TASK:
Return all of the entries below, word for word. Omit each picture.
━━━━━ DATA SECTION ━━━━━
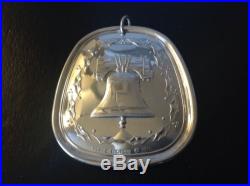 1976 Towle Annual Sterling Silver 12 Days of Christmas Medallion Liberty Bell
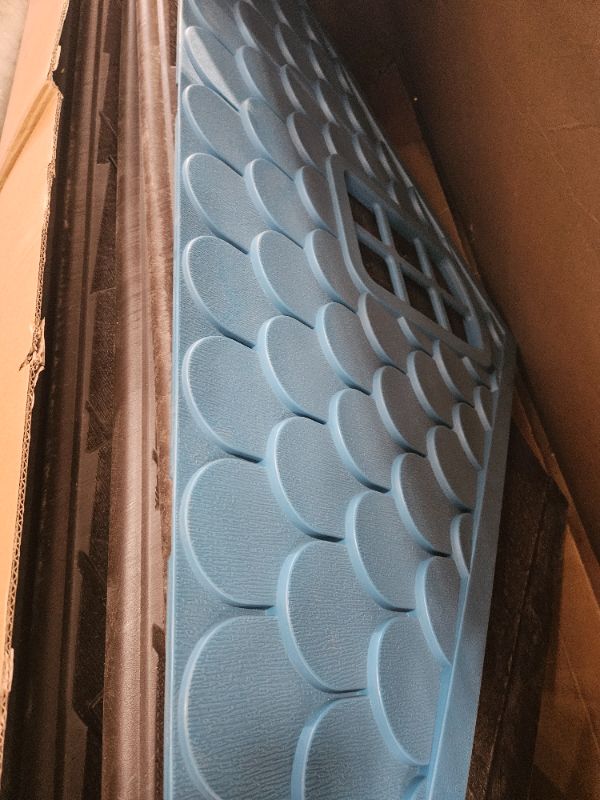 Photo 1 of ** Box 1 of 2 only, missing parts **  Lifetime Heavy Duty Plastic Outdoor Playhouse, 6ft x 6ft x 7 ft Tall, Beige & Blue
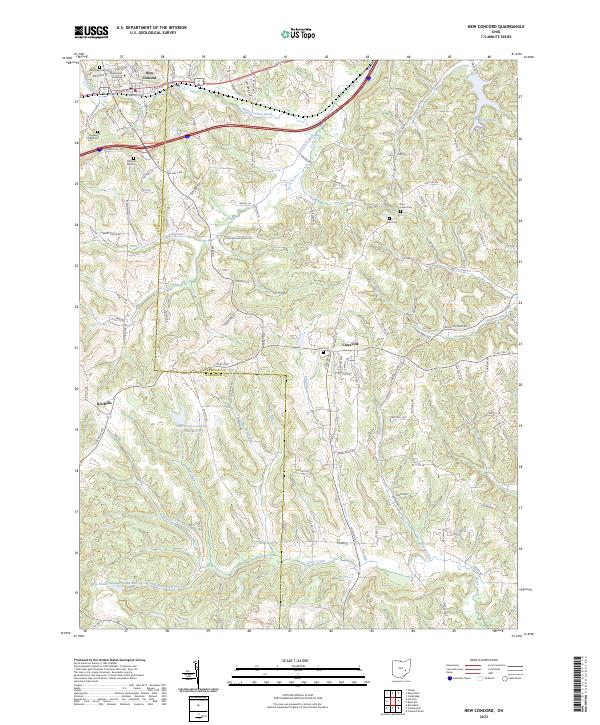 New Concord 2023 topographic map thumbnail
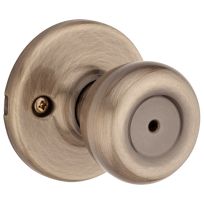 Kwikset Tylo Bed / Bath Knob, 93001-869, Antique Brass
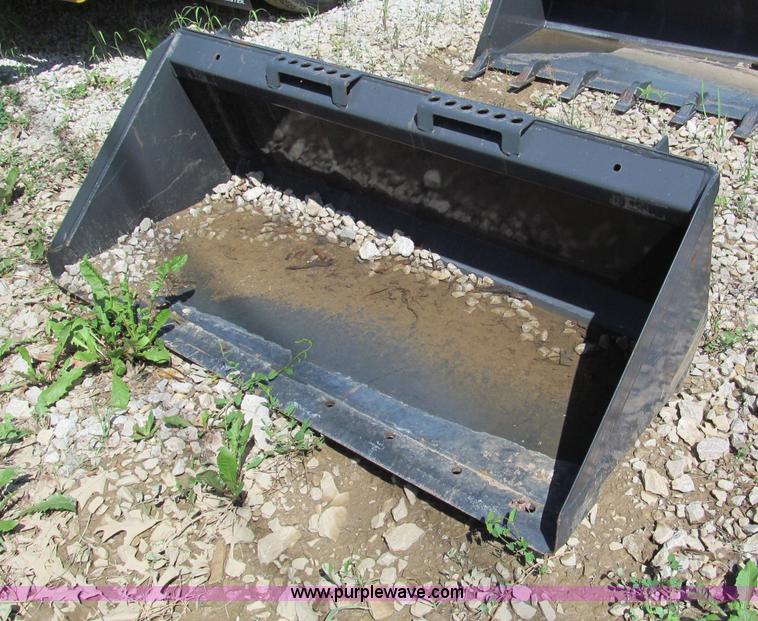 image for item F5106 54" skid steer bucket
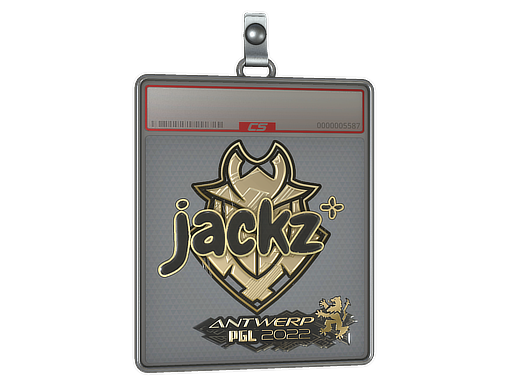 Item Sticker Slab | JaCkz (Gold) | Antwerp 2022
━━━━━
RESULT OF THE TASK:
 1976 Towle Annual Sterling Silver 12 Days of Christmas Medallion Liberty Bell
 Photo 1 of ** Box 1 of 2 only, missing parts **  Lifetime Heavy Duty Plastic Outdoor Playhouse, 6ft x 6ft x 7 ft Tall, Beige & Blue
 New Concord 2023 topographic map thumbnail
 Kwikset Tylo Bed / Bath Knob, 93001-869, Antique Brass
 image for item F5106 54" skid steer bucket
 Item Sticker Slab | JaCkz (Gold) | Antwerp 2022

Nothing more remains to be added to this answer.